— ENTRIES SUPPLIED —
***

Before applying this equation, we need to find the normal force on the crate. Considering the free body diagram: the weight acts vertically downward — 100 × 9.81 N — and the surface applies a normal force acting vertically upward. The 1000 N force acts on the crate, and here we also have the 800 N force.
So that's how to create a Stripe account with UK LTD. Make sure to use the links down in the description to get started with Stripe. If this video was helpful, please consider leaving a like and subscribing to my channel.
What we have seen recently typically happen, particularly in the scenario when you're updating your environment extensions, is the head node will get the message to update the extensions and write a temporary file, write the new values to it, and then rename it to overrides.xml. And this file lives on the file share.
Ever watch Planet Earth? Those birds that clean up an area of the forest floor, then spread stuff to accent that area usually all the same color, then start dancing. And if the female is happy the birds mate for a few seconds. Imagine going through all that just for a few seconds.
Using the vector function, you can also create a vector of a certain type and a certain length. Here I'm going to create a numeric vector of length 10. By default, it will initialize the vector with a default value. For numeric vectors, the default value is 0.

***

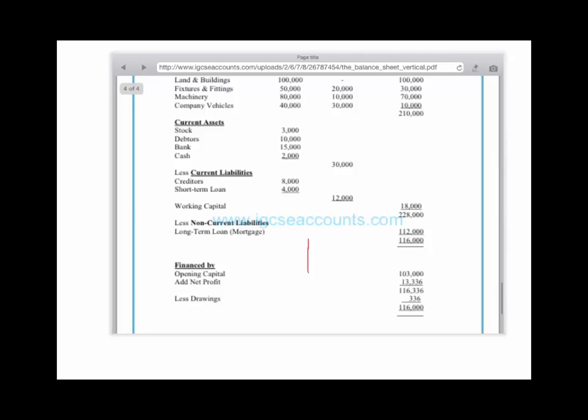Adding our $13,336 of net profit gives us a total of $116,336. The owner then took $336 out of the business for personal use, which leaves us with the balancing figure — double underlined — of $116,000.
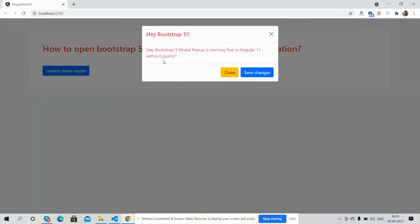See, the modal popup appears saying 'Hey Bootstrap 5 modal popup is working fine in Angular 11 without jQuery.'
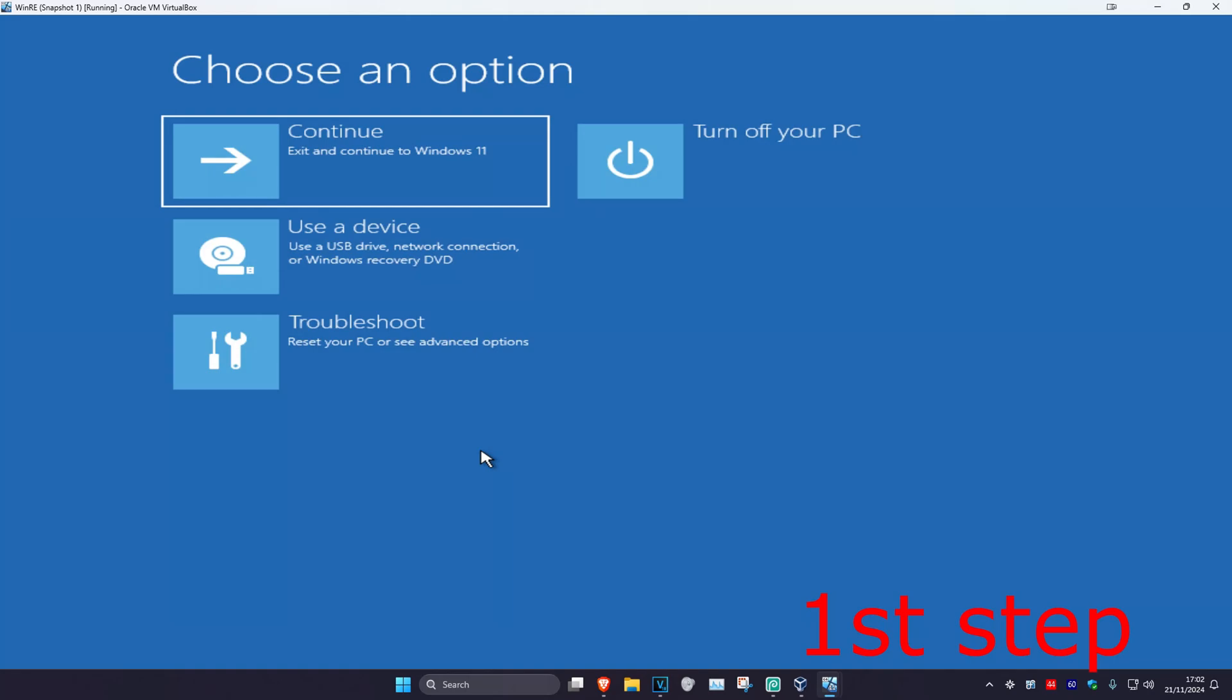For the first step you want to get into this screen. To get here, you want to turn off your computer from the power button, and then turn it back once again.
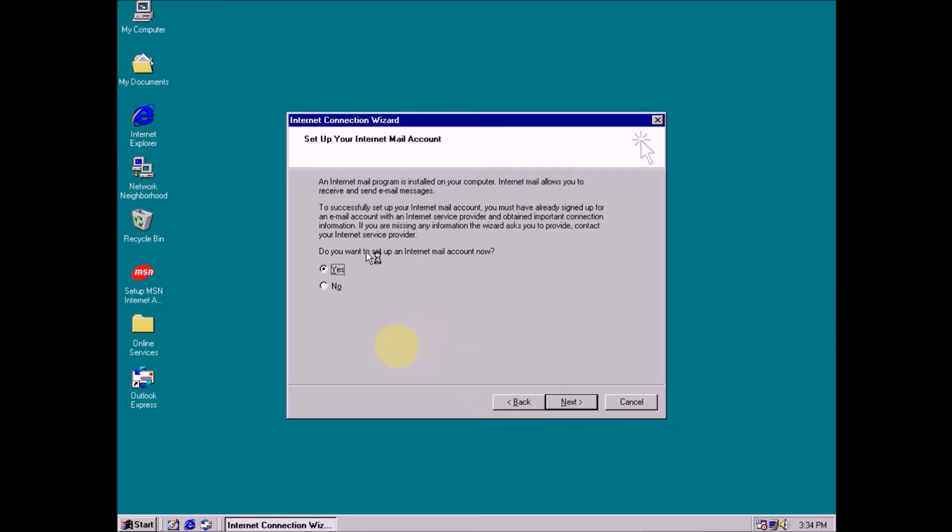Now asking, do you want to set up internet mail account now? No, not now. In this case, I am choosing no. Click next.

***

— YOUR TASK —
Set down exactly the lines above, from the line containing "See, the modal" through the line containing "For the first". Skip the pictures.

— EXERCISE RESPONSE —
See, the modal popup appears saying 'Hey Bootstrap 5 modal popup is working fine in Angular 11 without jQuery.'
For the first step you want to get into this screen. To get here, you want to turn off your computer from the power button, and then turn it back once again.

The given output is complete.